Leave out all pictures while you copy the lines exactly from the one with "Hi folks, this" through the last line of the listing.

RECORDS FOR THE TASK:
....

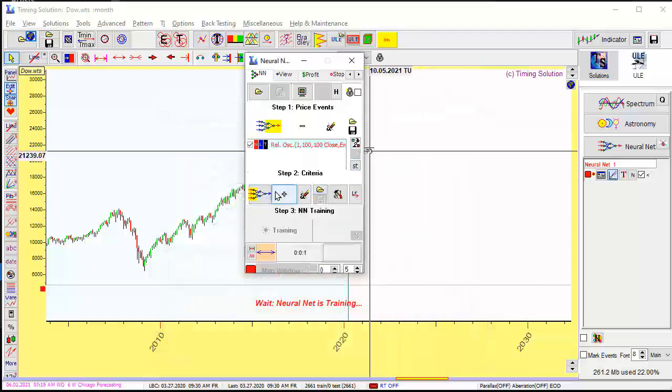Now, clicking the output. What we will forecast. We will forecast Dow RPO, relative price oscillator. Next step.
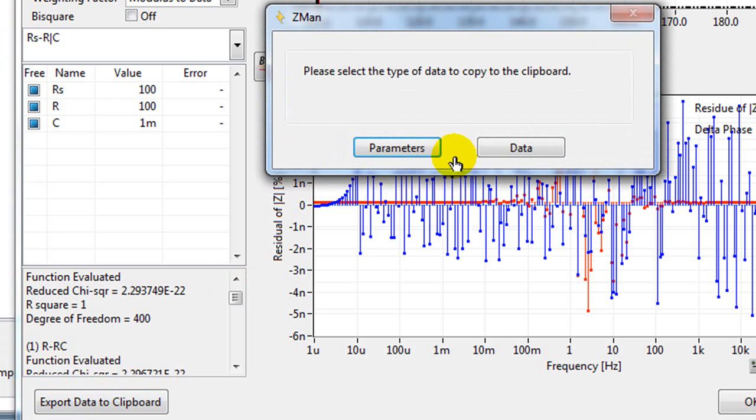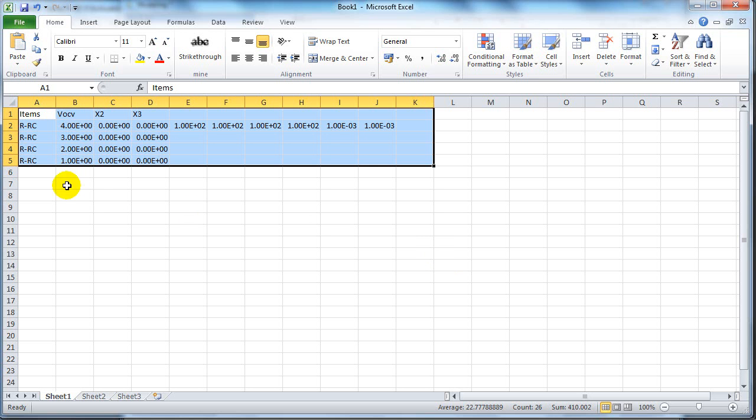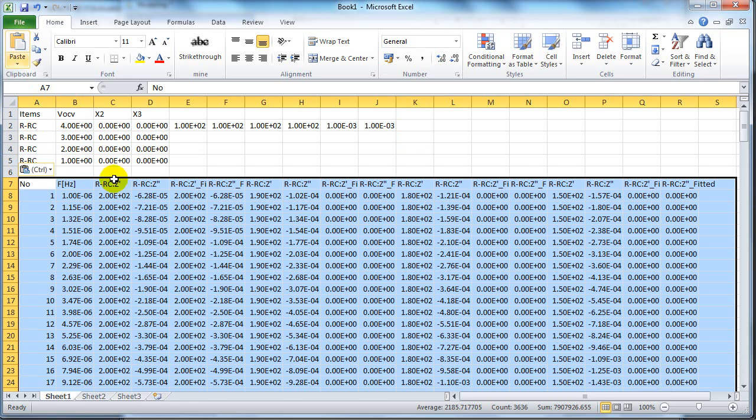If you export the data, this time choose data. You can paste that into Excel and that's all the data there.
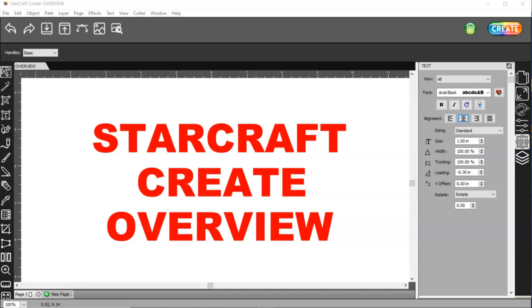In this series of videos, I'm going to be going over the StarCraft Create software and everything it includes, how it works, where everything is, etc.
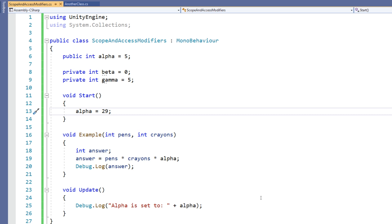Importantly, the values modified via the inspector while the game is in play mode will be reset and not saved in the inspector when we exit play mode. Even though the public variable is tweakable on the component, it doesn't mean that you can't go back and change it via a script at runtime.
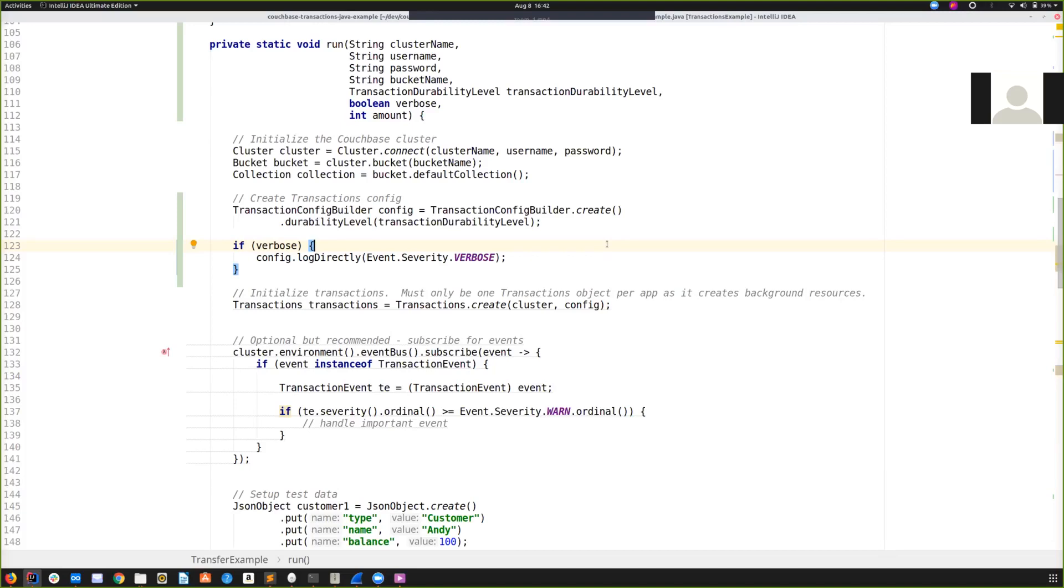Hi folks, this is Graham Pupul from Couchbase and today I'm very excited to announce the beta release of a project we've been working on behind the scenes for quite some time now, which is Couchbase Distributed ACID Transactions. This is going to be a whistle-stop and very practical guide for you, the busy Java developer.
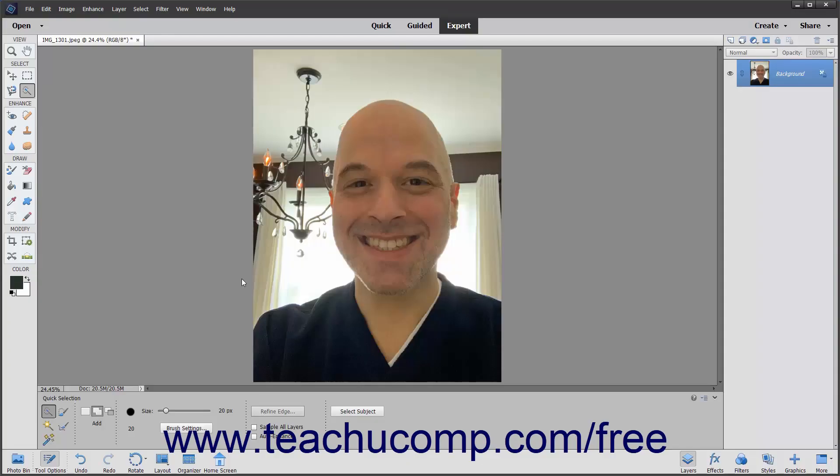The Smooth Skin command lets you easily and quickly reduce the appearance of wrinkles in skin within a face that Photoshop Elements can recognize in a photo, by reducing the sharpness of the skin lines. While this does smooth the appearance of the skin on the selected face, it does also apply a bit of a blurry effect to the face to accomplish this.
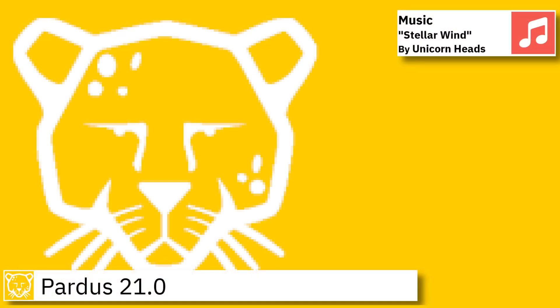Welcome back. In this video, I am going to show an overview of the latest version of Pardus and some of the applications pre-installed.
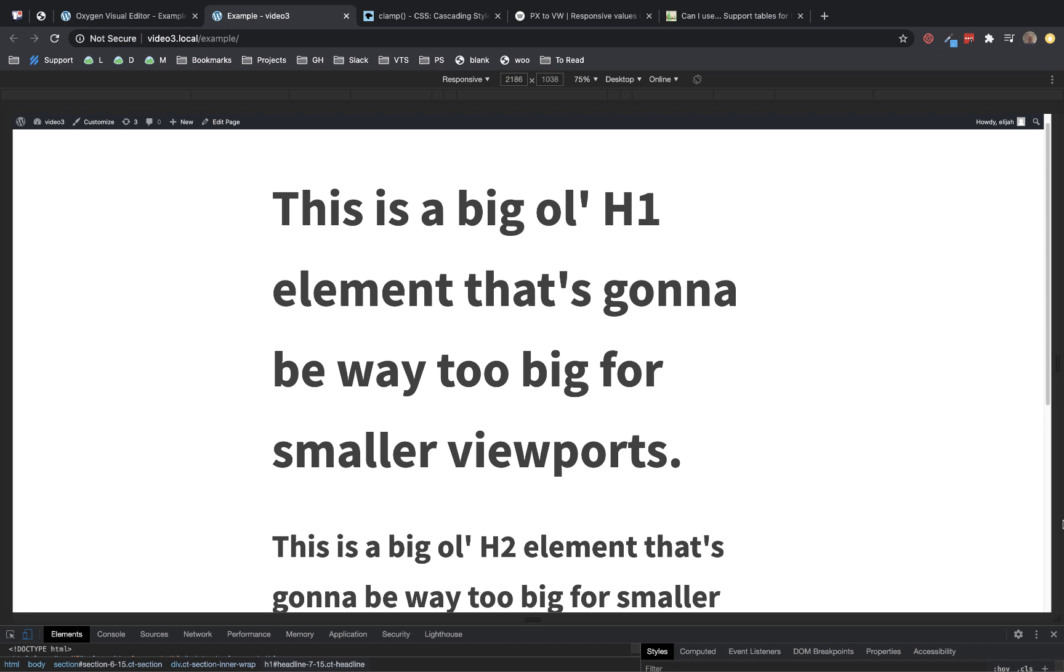Hey, this is Elijah with the Oxygen team, and in this video we're going to take a look at how to implement fluid typography for your headings in Oxygen using the new CSS function, clamp.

....

RESULT OF THIS TASK:
Hi folks, this is Graham Pupul from Couchbase and today I'm very excited to announce the beta release of a project we've been working on behind the scenes for quite some time now, which is Couchbase Distributed ACID Transactions. This is going to be a whistle-stop and very practical guide for you, the busy Java developer.
The Smooth Skin command lets you easily and quickly reduce the appearance of wrinkles in skin within a face that Photoshop Elements can recognize in a photo, by reducing the sharpness of the skin lines. While this does smooth the appearance of the skin on the selected face, it does also apply a bit of a blurry effect to the face to accomplish this.
Welcome back. In this video, I am going to show an overview of the latest version of Pardus and some of the applications pre-installed.
Hey, this is Elijah with the Oxygen team, and in this video we're going to take a look at how to implement fluid typography for your headings in Oxygen using the new CSS function, clamp.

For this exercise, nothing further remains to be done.